The fastest algorithm is by far the one based on the Bernstein polynomial form, which is reasonable since it offers the change to inline during the “compiling” (via closures) and pre-compute and reuse computations as much as possible. Interesting enough the native framework implementation is among the slower ones; this is due to the fact that each Bézier curve evaluation requires both a meta-table and FFI access that are quite costly (despite exploiting LuaJIT). It’s far better to remain in Lua’s script domain rather than transitioning to native code. The Horner’s method algorithms, on the contrary, aren’t so slow but the pay their general form due to the repeated table unpack calls.

By increasing the order of the curve we expect the performance to reduce. In fact, the impact on the Bernstein is the following:

Order Speed
2 100,00%
3 144,21%
4 188,28%

In terms of precision we checked the result being equal up to the 6th decimal point (10^-6) when compared with the framework (slower) implementation. As a side-note, the Horner’s method algorithms a pretty imprecise and are impractical for common usages.

Reworking the Equations

Considering that the linear interpolation between a and b can either be written as (t - 1) * b + t * a or a + (b - a) * t we can be temped to rework the evaluator as follows (for example, for a 4th order curve)

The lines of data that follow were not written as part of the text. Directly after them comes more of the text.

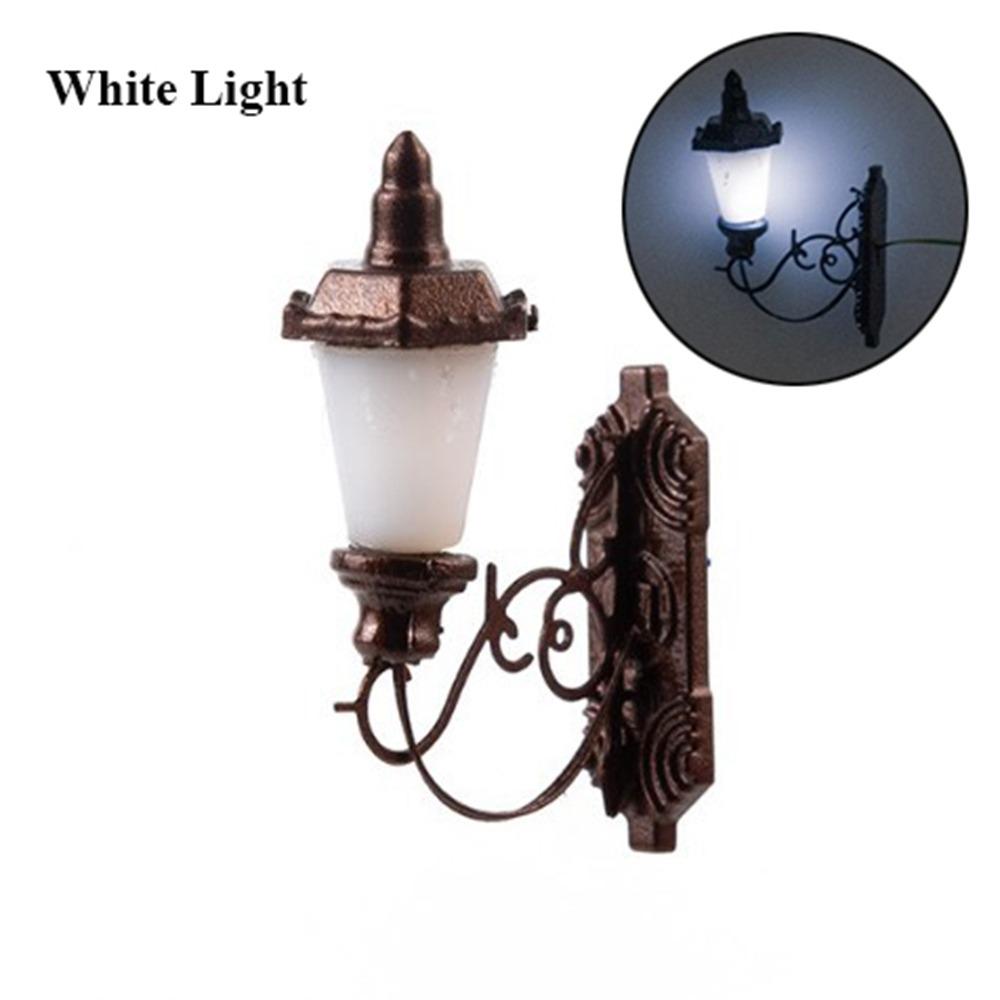 2.2*2.8cm White/Warm Light Model ABS Metal Material Sand Table Chandelier New Dollhouse Wall Lamp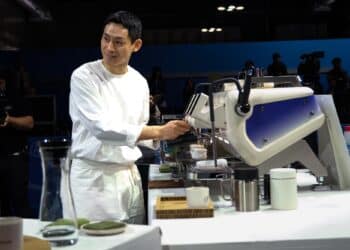 China's Simon SunLei competing at the 2025 World Barista Championship.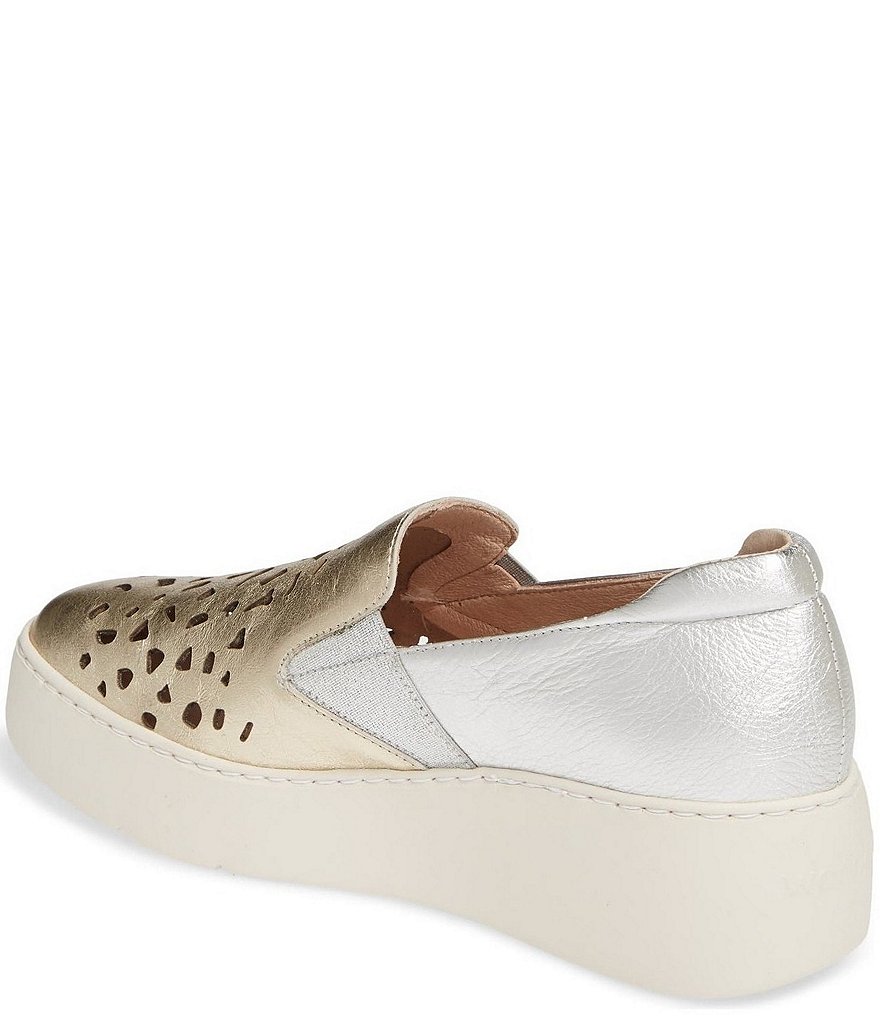 Wonders Ella Metallic Leather Laser Cut Wedge Platform Slip-Ons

function bezier_4th(control_points, t)
  local p0, p1, p2, p3 = unpack(control_points)
  local p0x, p0y = unpack(p0)
  local p1x, p1y = unpack(p1)
  local p2x, p2y = unpack(p2)
  local p3x, p3y = unpack(p3)
  local tt = t * t
  local ttt = tt * t
  local cx = 3 * (p1x - p0x)
  local bx = 3 * (p2x - p1x) - cx
  local ax = p3x - p0x - cx - bx
  local cy = 3 * (p1y - p0y)
  local by = 3 * (p2y - p1y) - cy
  local ay = p3y - p0y - cy - by
  local x = ax * ttt + bx * tt + cx * t + p0x
  local x = ay * ttt + by * tt + cy * t + p0y
  return x, y
end

However, while this is perfectly legit on the paper, numerically on a computer the results may diverge. Of course this new, reworked, algorithm uses less multiplications, but the number of additions and subtractions increases. On modern computers the cost of arithmetic operations is pretty much constant across operations. This wasn’t the case on older CPUs during the ’80s and ’90s, where saving a mul or a div could make the difference especially on non FPU equipped computers. Most notably, this algorithm doesn’t ensure proper results for t = 1. That being said, it’s definitely not worth the effort.

Applications

Other than path-management, as in my case, Bézier curves can be used in a lot of interesting cases. I unconsciously avoided them for far too long, it’s about time to get back on track.

One very interesting use of them is described here where, with a clever use of fragment shaders, a flowing lava river is simulated. Guess that these curves can be very useful for dynamically-modified water rivers, too.